Physical characteristics
- • location: Geauga County
- • coordinates: 41°24′50″N 81°04′40″W﻿ / ﻿41.4139435°N 81.0778745°W
- Mouth: Lake Erie
- • location: Fairport Harbor
- • coordinates: 41°45′37″N 81°16′50″W﻿ / ﻿41.7603208°N 81.2806588°W
- Length: 102.7 mi (165.3 km)
- Basin size: 712 sq mi (1,840 km^{2})

Basin features
- USGS Cataloging Unit: 04110004

= Grand River (Ohio) =

The Grand River is a tributary of Lake Erie, 102.7 miles (165.3 km) long, in northeastern Ohio in the United States. Via Lake Erie, the Niagara River and Lake Ontario, it is part of the watershed of the St. Lawrence River, which flows to the Atlantic Ocean. It drains an area of 712 mi² (1844 km²).

The Grand River begins in southeastern Geauga County and initially flows eastward into Trumbull County. Downstream of West Farmington it turns northward into Ashtabula County, where it flows through the village of Rock Creek and then turns westward into Lake County, where it flows through the communities of Painesville and Grand River before flowing into Lake Erie in Fairport Harbor.

==Watershed description==

On January 17, 1974, the Grand River was designated Ohio's second wild and scenic river by the Ohio Department of Natural Resources. Designated sections include: from Harpersfield covered bridge downstream to the Norfolk and Western Railway trestle south of Painesville (wild, 23 mi and from the US 322 in Ashtabula County downstream to Harpersfield covered bridge (scenic, 33 mi). The Grand Wild and Scenic River represents one of the finest examples of a natural stream to be found anywhere in Ohio. Due to its rugged topography, the Grand River has not until recently felt the influences of urbanization.

During the Pleistocene or Ice Age, the Wisconsinan glacier spread over Ohio in lobes, one of which is known as the Grand River lobe. This lobe ground and scraped its way south across northeastern Ohio, but was halted by the steep, erosion-resistant sandstone hills found to the south.

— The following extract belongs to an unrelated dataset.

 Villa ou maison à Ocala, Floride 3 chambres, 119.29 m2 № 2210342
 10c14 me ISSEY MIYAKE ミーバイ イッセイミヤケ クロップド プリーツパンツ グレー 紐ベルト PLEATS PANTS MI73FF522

The upper portion of the Grand River in Ashtabula County is designated scenic. The river is bordered in many areas by extensive swamp forests of elm, ash, maple, pine, pin oak and swamp white oak. The slow flow of this section of the river along with the adjoining wetlands provides excellent habitat for a number of wildlife species, especially river otters, which have made a strong comeback after their reintroduction by the Division of Wildlife in 1986 and 1988. The lower section of the Grand River in Lake County is designated wild. Here, the river is characterized by steeply-incised valley walls of Chagrin Shale. A view of the river in this area following spring and summer showers has many waterfalls cascading over the steep shale bluffs. Insuring the natural heritage of the Grand River is not limited to protecting the immediate streamside environment. Land use activities within the watershed; such as urban and residential development may have a direct and adverse effect on the long-term protection and preservation of this important Ohio water resource. The Grand River has the most aquatic diversity of any Ohio Lake Erie tributary. The Grand River has an active partnership group working with the state scenic rivers program and other agencies to assist with the rivers preservation.

==2006 flood==
On July 28, 2006, the Grand River overflowed its banks and caused a state of emergency in Lake County and Ashtabula County due to flooding. The river reached 11 feet above flood level, a 500-year flood, due to a 1,000-year 48-hour rain. The flooding was so powerful that it caused a tributary (Paine Creek) to change course in at least one location. The area was subsequently declared a Federal Disaster area.

==History==
The first settlers of the Western Reserve landed at Fairport Harbor before they began the overland portion of their journey South to settlements such as Burton.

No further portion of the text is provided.